Supplied records:
+-------+
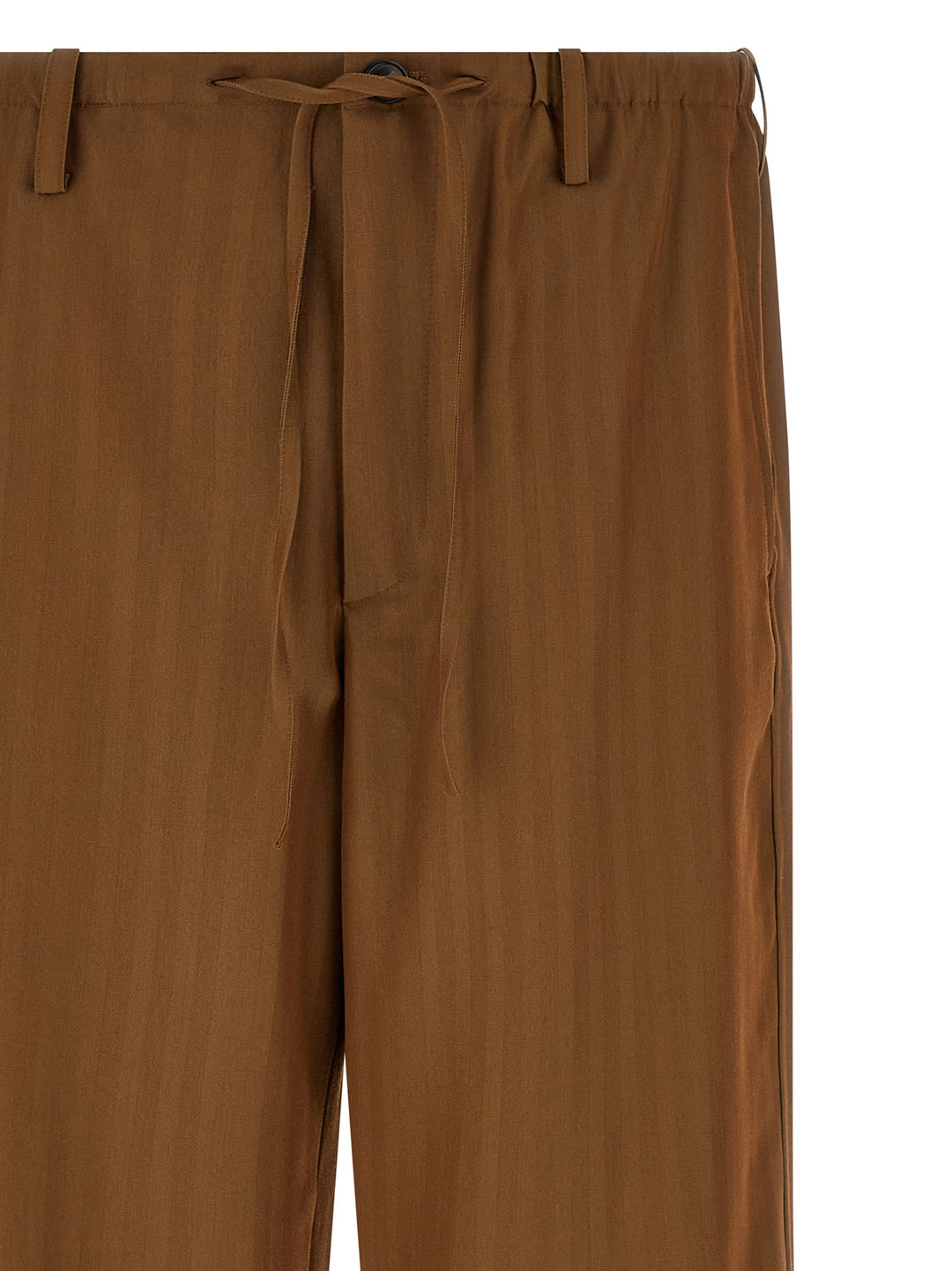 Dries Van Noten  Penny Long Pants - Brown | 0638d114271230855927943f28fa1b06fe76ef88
+-------+
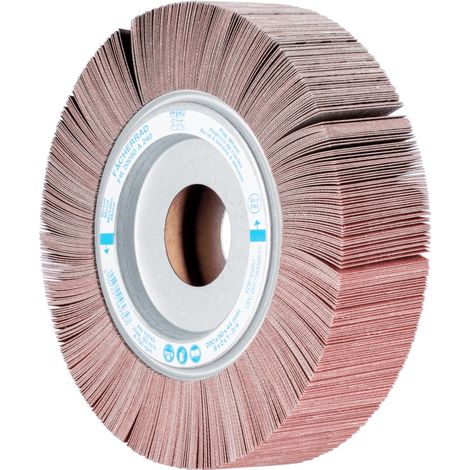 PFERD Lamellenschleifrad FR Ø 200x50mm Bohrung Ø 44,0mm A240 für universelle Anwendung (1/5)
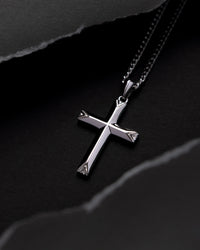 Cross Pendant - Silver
+-------+
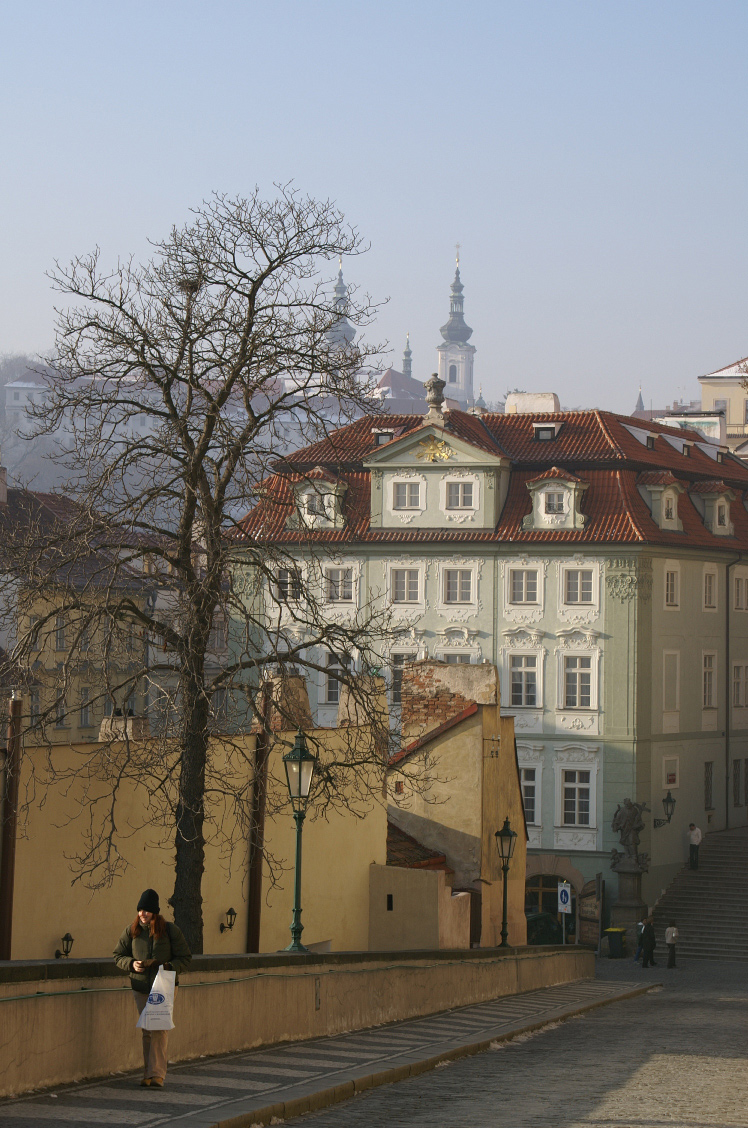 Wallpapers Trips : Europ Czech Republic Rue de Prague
+-------+
What you are asked to do:
Repeat exactly, and only, the entries from the line with "PFERD Lamellenschleifrad FR" through the line with "Cross Pendant - Silver". Pictures are skipped.

Task answer:
 PFERD Lamellenschleifrad FR Ø 200x50mm Bohrung Ø 44,0mm A240 für universelle Anwendung (1/5)
 Cross Pendant - Silver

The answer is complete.